Applying this transformation then eliminates the independent variables from the coefficients of the equations.

Simplify[α eq /. ruled]
(* {((-2 I D[ψ4[ut, vt], ut] + 2 I D[ψ4[ut, vt], vt]) + 
      (-m α ψ1[ut, vt] + 2 I D[ψ1[ut, vt], ut] + 2 I D[ψ1[ut, vt], vt])), 
      (( 2 I D[ψ1[ut, vt], ut] - 2 I D[ψ1[ut, vt], vt]) + 
      (-m ψ4[ut, vt] - 2 I D[ψ4[ut, vt], ut] - 2 I D[ψ4[ut, vt], vt]))} *)

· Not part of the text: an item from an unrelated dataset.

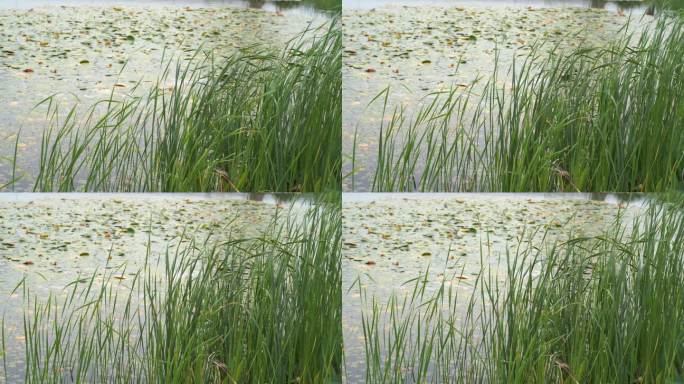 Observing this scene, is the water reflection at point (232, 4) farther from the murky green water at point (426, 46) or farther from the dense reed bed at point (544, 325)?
the dense reed bed at point (544, 325)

It follows, therefore, that the solution can be decomposed into Fourier modes,

{ψ1 -> Function[{ut, vt}, ψ10 Exp[I ku ut + I kv vt]], 
 ψ4 -> Function[{ut, vt}, ψ40 Exp[I ku ut + I kv vt]]}

or, in terms of the original variables,

{ψ1 -> Function[{u, v}, ψ10 Exp[I ku Sinh[u/α] + I kv Sinh[v/α]]], 
 ψ4 -> Function[{u, v}, ψ40 Exp[I ku Sinh[u/α] + I kv Sinh[v/α]]]}

The wavenumbers, {ku, kv} can be determined in the usual manner,

Simplify[eq Exp[-I ku Sinh[u/α] - I kv Sinh[v/α]]/.%];
CoefficientArrays[% I α/4, {ψ10, ψ40}] // Last // Normal // Det
(* ku kv - (m^2 α^2)/16 *)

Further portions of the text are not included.